##Tagging Engine 1.0.2 01 May 2016
###Description A simple Tagging Engine in Python which takes a user-specified file and returns the most common word, as well as listing the n-most common words (where n is user-defined).
###Applications Useful for highlighting top n words in a blog post (to create tags), or reviewing the relevance of articles, web pages, etc. to a particular topic.
###Some problems to be ironed out:
- Program currently takes a text file with punctuation marks already stripped out, punctuation marks and other non-alpha characters currently returned as parts of unique words which skews the results;
- Words appearing both singular and plural currently returned as two unique words;
- Need to add error handling on user input of n (order).

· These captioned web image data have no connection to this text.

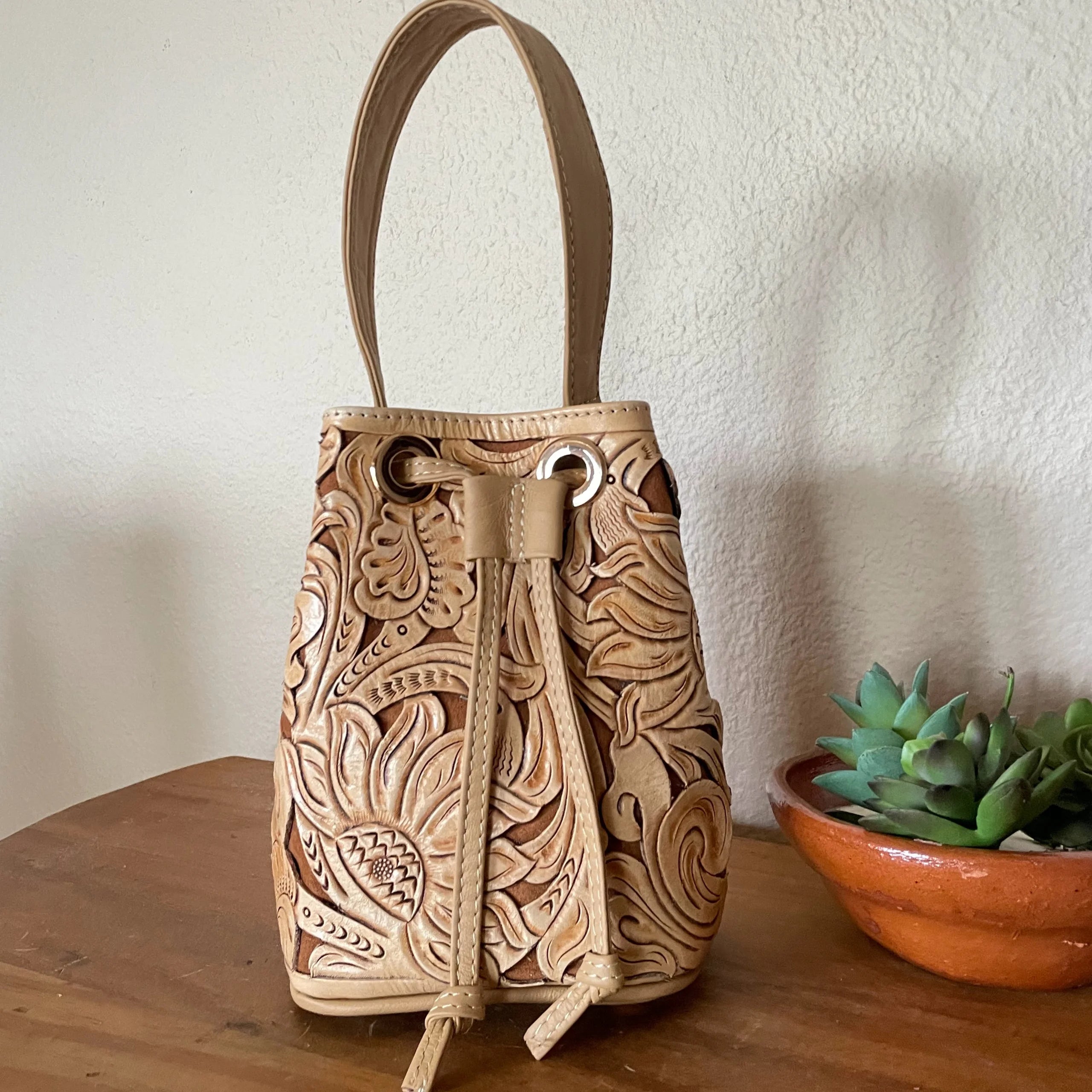 Mercedes Mini Tooled Leather Bucket Bag | Nude - Mirasol Accessories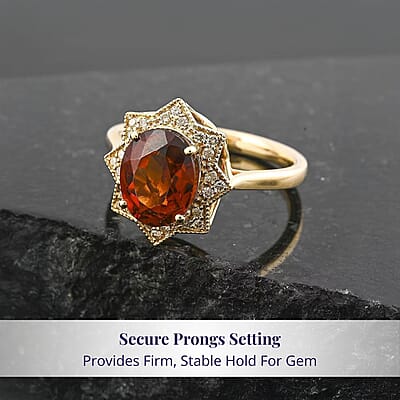Luxoro AAA Ceylon Honey Garnet, Diamond Ring in 10K Yellow Gold 4.00 ctw (Size 7.0)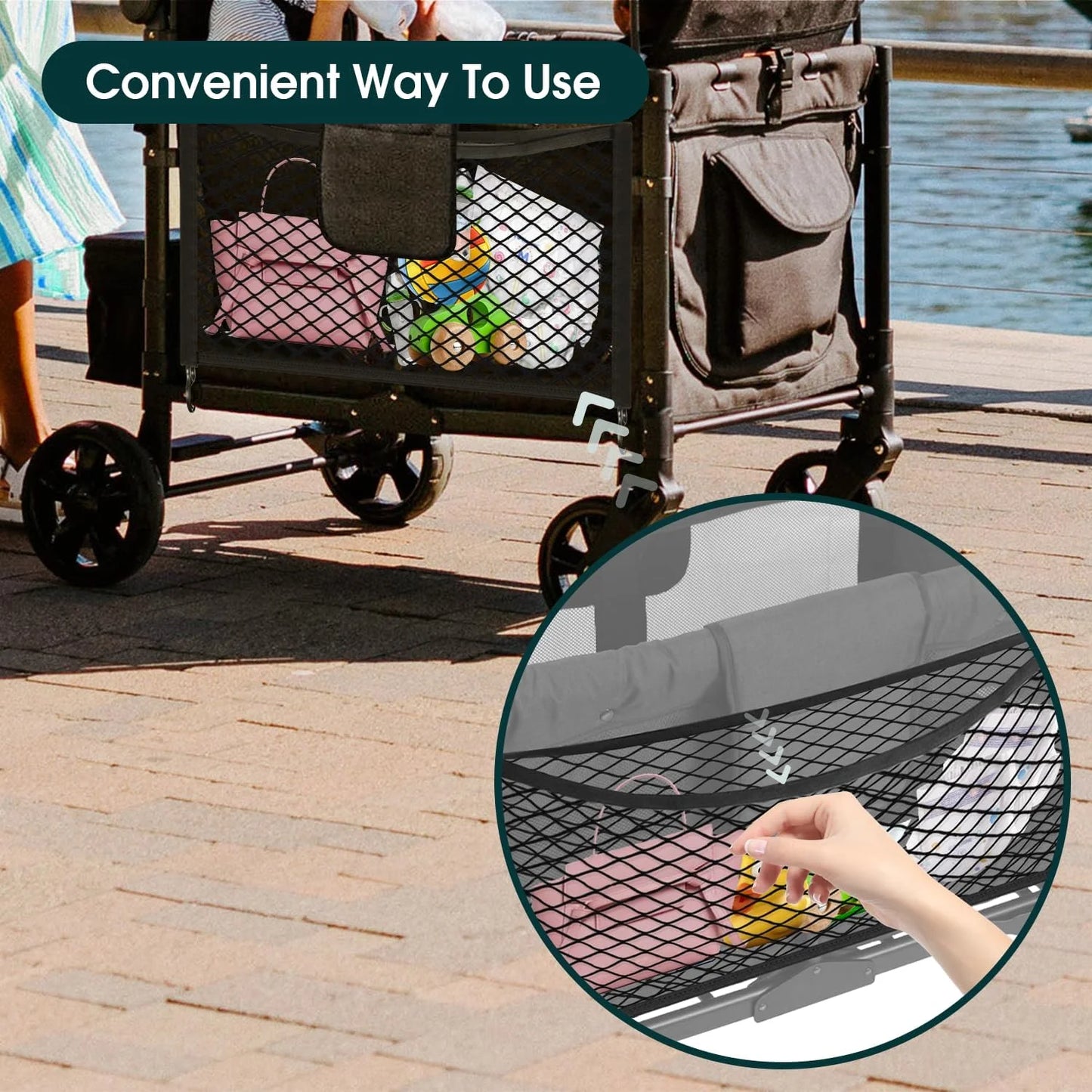 Black Stroller Wagon Cargo Net,  Wagon Accessories Universal Fit Stroller Mesh Cargo Net and Organizer, Extra Large Stroller Storage Space (Compatible with WONDERFOLD All W-Series Models)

###Further improvements to be made:
- User to specify whether Python/coding reserved words to be counted or excluded. Excluded words list (commonly-used Python reserved words) is hard-coded but need to add executable code to allow for their exclusion;
- Add ability to handle files with punctuation marks by stripping them out before splitting and counting words (at user request);
- Add ability to handle plurals and singulars as one word (at user request);
- Add error-handling on user inpout of n (order);
- Add ability to handle file paths (file in location other than working directory);
- Add ability to save outputs to file (user to sepcify: restricted counts, full counts, or both).
###Future developments planned:
- Allow user to specify whether uploading simple text or html. If html, the program can use html tags (title, headers (h1, h2, etc.), strong or italic html tags to weight importance of text (either as words or phrases) more highly than normal, untagged/unformatted text. This will help make the program more useful if being used, for example, to auto-tag a Wordpress blog post;
- Review the text in pairs and/or triplets to identify significant phrases. User prompted to check/confirm if phrase is a significant phrase. User able to modify/overwrite significant phrase as required before appending to a list;
- The user can be prompted for a file path and filename where the significant phrases list can be saved. This can then be reloaded when using the program multiple times on multiple web pages/articles/etc;
- The same functionality can be used to test titles and headers for significant phrases.
This functionality will be useful for accelerated learning, and for rapid searching/reviewing of many web sites/pages/articles.